Items from a dataset
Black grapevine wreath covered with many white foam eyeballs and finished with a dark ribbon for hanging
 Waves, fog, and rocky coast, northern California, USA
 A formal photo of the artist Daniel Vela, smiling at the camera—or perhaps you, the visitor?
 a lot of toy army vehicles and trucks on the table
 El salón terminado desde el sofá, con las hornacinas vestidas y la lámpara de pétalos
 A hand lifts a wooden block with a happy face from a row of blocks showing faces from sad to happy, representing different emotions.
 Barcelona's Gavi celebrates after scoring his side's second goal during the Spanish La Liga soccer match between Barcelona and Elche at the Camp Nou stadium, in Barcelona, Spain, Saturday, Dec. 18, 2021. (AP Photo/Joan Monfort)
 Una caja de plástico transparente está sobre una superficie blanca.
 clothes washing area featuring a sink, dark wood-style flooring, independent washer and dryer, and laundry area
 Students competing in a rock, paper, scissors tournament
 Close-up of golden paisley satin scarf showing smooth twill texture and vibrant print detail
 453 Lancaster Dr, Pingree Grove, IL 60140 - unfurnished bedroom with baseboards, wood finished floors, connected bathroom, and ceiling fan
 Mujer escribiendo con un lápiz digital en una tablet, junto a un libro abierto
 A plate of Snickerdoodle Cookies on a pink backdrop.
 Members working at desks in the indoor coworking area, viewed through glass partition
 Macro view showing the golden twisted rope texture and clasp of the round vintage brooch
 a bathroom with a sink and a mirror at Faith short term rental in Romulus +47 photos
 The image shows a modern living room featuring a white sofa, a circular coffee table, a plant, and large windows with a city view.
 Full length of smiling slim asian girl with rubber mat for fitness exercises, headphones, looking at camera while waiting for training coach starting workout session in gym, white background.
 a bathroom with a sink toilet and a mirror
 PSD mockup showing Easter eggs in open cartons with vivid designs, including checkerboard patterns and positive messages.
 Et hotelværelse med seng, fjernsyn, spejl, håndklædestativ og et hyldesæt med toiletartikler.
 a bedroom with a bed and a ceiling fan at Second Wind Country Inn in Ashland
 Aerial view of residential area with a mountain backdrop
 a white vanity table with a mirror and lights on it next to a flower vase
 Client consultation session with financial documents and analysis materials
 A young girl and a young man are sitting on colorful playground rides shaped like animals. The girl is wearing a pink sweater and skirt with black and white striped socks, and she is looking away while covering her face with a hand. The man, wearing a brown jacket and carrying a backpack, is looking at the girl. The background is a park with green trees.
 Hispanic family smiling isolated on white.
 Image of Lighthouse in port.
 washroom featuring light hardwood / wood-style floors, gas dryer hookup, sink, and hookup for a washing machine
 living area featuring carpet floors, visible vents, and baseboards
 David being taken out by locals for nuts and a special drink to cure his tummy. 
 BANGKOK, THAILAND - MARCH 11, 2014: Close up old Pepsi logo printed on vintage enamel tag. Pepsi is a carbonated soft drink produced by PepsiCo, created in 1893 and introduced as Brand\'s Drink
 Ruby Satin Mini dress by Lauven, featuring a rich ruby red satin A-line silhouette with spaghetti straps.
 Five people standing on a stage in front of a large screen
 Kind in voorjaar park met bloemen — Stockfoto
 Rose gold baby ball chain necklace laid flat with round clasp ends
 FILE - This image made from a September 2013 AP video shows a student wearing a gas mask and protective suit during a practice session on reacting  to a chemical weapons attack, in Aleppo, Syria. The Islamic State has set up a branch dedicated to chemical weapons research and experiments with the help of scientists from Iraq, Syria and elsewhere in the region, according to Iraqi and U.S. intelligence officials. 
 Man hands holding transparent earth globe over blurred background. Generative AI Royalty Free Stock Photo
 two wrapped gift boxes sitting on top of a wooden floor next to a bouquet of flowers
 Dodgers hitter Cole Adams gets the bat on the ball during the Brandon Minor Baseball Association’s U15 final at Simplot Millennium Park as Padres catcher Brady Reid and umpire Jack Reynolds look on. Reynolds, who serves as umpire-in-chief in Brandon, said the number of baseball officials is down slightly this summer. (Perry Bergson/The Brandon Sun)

Task description:
Above are the records; print exactly the lines from the line with "A formal photo" to the line with "Members working at", including both, and nothing else.

Answer box:
 A formal photo of the artist Daniel Vela, smiling at the camera—or perhaps you, the visitor?
 a lot of toy army vehicles and trucks on the table
 El salón terminado desde el sofá, con las hornacinas vestidas y la lámpara de pétalos
 A hand lifts a wooden block with a happy face from a row of blocks showing faces from sad to happy, representing different emotions.
 Barcelona's Gavi celebrates after scoring his side's second goal during the Spanish La Liga soccer match between Barcelona and Elche at the Camp Nou stadium, in Barcelona, Spain, Saturday, Dec. 18, 2021. (AP Photo/Joan Monfort)
 Una caja de plástico transparente está sobre una superficie blanca.
 clothes washing area featuring a sink, dark wood-style flooring, independent washer and dryer, and laundry area
 Students competing in a rock, paper, scissors tournament
 Close-up of golden paisley satin scarf showing smooth twill texture and vibrant print detail
 453 Lancaster Dr, Pingree Grove, IL 60140 - unfurnished bedroom with baseboards, wood finished floors, connected bathroom, and ceiling fan
 Mujer escribiendo con un lápiz digital en una tablet, junto a un libro abierto
 A plate of Snickerdoodle Cookies on a pink backdrop.
 Members working at desks in the indoor coworking area, viewed through glass partition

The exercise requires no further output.